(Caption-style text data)
====================

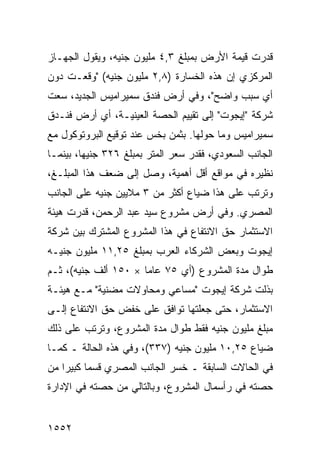 ‫ﻗﺩﺭﺕ ﻗﻴﻤﺔ ﺍﻷﺭﺽ ﺒﻤﺒﻠﻎ ٣,٤ ﻤﻠﻴﻭﻥ ﺠﻨﻴﻪ، ﻭﻴﻘﻭل ﺍﻟﺠﻬـﺎﺯ‬
‫ﺍﻟﻤﺭﻜﺯﻱ ﺇﻥ ﻫﺫﻩ ﺍﻟﺨﺴﺎﺭﺓ )٨,٢ ﻤﻠﻴﻭﻥ ﺠﻨﻴﻪ( "ﻭﻗﻌـﺕ ﺩﻭﻥ‬
‫ﺃﻱ ﺴﺒﺏ ﻭﺍﻀﺢ"، ﻭﻓﻲ ﺃﺭﺽ ﻓﻨﺩﻕ ﺴﻤﻴﺭﺍﻤﻴﺱ ﺍﻟﺠﺩﻴﺩ، ﺴﻌﺕ‬
‫ﺸﺭﻜﺔ "ﺇﻴﺠﻭﺕ" ﺇﻟﻰ ﺘﻘﻴﻴﻡ ﺍﻟﺤﺼﺔ ﺍﻟﻌﻴﻨﻴـﺔ، ﺃﻱ ﺃﺭﺽ ﻓﻨـﺩﻕ‬
‫ﺴﻤﻴﺭﺍﻤﻴﺱ ﻭﻤﺎ ﺤﻭﻟﻬﺎ. ﺒﺜﻤﻥ ﺒﺨﺱ ﻋﻨﺩ ﺘﻭﻗﻴﻊ ﺍﻟﺒﺭﻭﺘﻭﻜﻭل ﻤﻊ‬
‫ﺍﻟﺠﺎﻨﺏ ﺍﻟﺴﻌﻭﺩﻱ، ﻓﻘ ‪‬ﺭ ﺴﻌﺭ ﺍﻟﻤﺘﺭ ﺒﻤﺒﻠﻎ ٦٢٣ ﺠﻨﻴ ‪‬ﺎ، ﺒﻴﻨﻤـﺎ‬
         ‫ﻬ‬                          ‫ﹸﺩ‬
‫ﻨﻅﻴﺭﻩ ﻓﻲ ﻤﻭﺍﻗﻊ ﺃﻗل ﺃﻫﻤﻴﺔ، ﻭﺼل ﺇﻟﻰ ﻀﻌﻑ ﻫﺫﺍ ﺍﻟﻤﺒﻠـﻎ،‬
                                    ‫‪‬‬
‫ﻭﺘﺭﺘﺏ ﻋﻠﻰ ﻫﺫﺍ ﻀﻴﺎﻉ ﺃﻜﺜﺭ ﻤﻥ ٣ ﻤﻼﻴﻴﻥ ﺠﻨﻴﻪ ﻋﻠﻰ ﺍﻟﺠﺎﻨﺏ‬
                                ‫‪‬‬
‫ﺍﻟﻤﺼﺭﻱ. ﻭﻓﻲ ﺃﺭﺽ ﻤﺸﺭﻭﻉ ﺴﻴﺩ ﻋﺒﺩ ﺍﻟﺭﺤﻤﻥ، ﻗ ‪‬ﺭﺕ ﻫﻴﺌﺔ‬
       ‫ﺩ‬
‫ﺍﻻﺴﺘﺜﻤﺎﺭ ﺤﻕ ﺍﻻﻨﺘﻔﺎﻉ ﻓﻲ ﻫﺫﺍ ﺍﻟﻤﺸﺭﻭﻉ ﺍﻟﻤﺸﺘﺭﻙ ﺒﻴﻥ ﺸﺭﻜﺔ‬
‫ﺇﻴﺠﻭﺕ ﻭﺒﻌﺽ ﺍﻟﺸﺭﻜﺎﺀ ﺍﻟﻌﺭﺏ ﺒﻤﺒﻠﻎ ٥٢,١١ ﻤﻠﻴﻭﻥ ﺠﻨﻴـﻪ‬
‫ﻁﻭﺍل ﻤﺩﺓ ﺍﻟﻤﺸﺭﻭﻉ )ﺃﻱ ٥٧ ﻋﺎ ‪‬ﺎ × ٠٥١ ﺃﻟﻑ ﺠﻨﻴﻪ(، ﺜـﻡ‬
                      ‫ﻤ‬
‫ﺒﺫﻟﺕ ﺸﺭﻜﺔ ﺇﻴﺠﻭﺕ "ﻤﺴﺎﻋﻲ ﻭﻤﺤﺎﻭﻻﺕ ﻤﻀﻨﻴﺔ" ﻤـﻊ ﻫﻴﺌـﺔ‬
                         ‫‪‬‬
‫ﺍﻻﺴﺘﺜﻤﺎﺭ، ﺤﺘﻰ ﺠﻌﻠﺘﻬﺎ ﺘﻭﺍﻓﻕ ﻋﻠﻰ ﺨﻔﺽ ﺤﻕ ﺍﻻﻨﺘﻔﺎﻉ ﺇﻟـﻰ‬
‫ﻤﺒﻠﻎ ﻤﻠﻴﻭﻥ ﺠﻨﻴﻪ ﻓﻘﻁ ﻁﻭﺍل ﻤﺩﺓ ﺍﻟﻤﺸﺭﻭﻉ، ﻭﺘﺭﺘﺏ ﻋﻠﻰ ﺫﻟﻙ‬
‫ﻀﻴﺎﻉ ٥٢,٠١ ﻤﻠﻴﻭﻥ ﺠﻨﻴﻪ )٧٣٣(، ﻭﻓﻲ ﻫﺫﻩ ﺍﻟﺤﺎﻟﺔ ـ ﻜﻤـﺎ‬
‫ﻓﻲ ﺍﻟﺤﺎﻻﺕ ﺍﻟﺴﺎﺒﻘﺔ ـ ﺨﺴﺭ ﺍﻟﺠﺎﻨﺏ ﺍﻟﻤﺼﺭﻱ ﻗﺴ ‪‬ﺎ ﻜﺒﻴ ‪‬ﺍ ﻤﻥ‬
    ‫ﻤ ﺭ‬
‫ﺤﺼﺘﻪ ﻓﻲ ﺭﺃﺴﻤﺎل ﺍﻟﻤﺸﺭﻭﻉ، ﻭﺒﺎﻟﺘﺎﻟﻲ ﻤﻥ ﺤﺼﺘﻪ ﻓﻲ ﺍﻹﺩﺍﺭﺓ‬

====================

▸ **ACTIVITY**
Find the lines that mention "ﺇﻴﺠﻭﺕ" in the entries and show them.

▸ **EXERCISE OUTPUT**
‫ﺸﺭﻜﺔ "ﺇﻴﺠﻭﺕ" ﺇﻟﻰ ﺘﻘﻴﻴﻡ ﺍﻟﺤﺼﺔ ﺍﻟﻌﻴﻨﻴـﺔ، ﺃﻱ ﺃﺭﺽ ﻓﻨـﺩﻕ‬
‫ﺇﻴﺠﻭﺕ ﻭﺒﻌﺽ ﺍﻟﺸﺭﻜﺎﺀ ﺍﻟﻌﺭﺏ ﺒﻤﺒﻠﻎ ٥٢,١١ ﻤﻠﻴﻭﻥ ﺠﻨﻴـﻪ‬
‫ﺒﺫﻟﺕ ﺸﺭﻜﺔ ﺇﻴﺠﻭﺕ "ﻤﺴﺎﻋﻲ ﻭﻤﺤﺎﻭﻻﺕ ﻤﻀﻨﻴﺔ" ﻤـﻊ ﻫﻴﺌـﺔ‬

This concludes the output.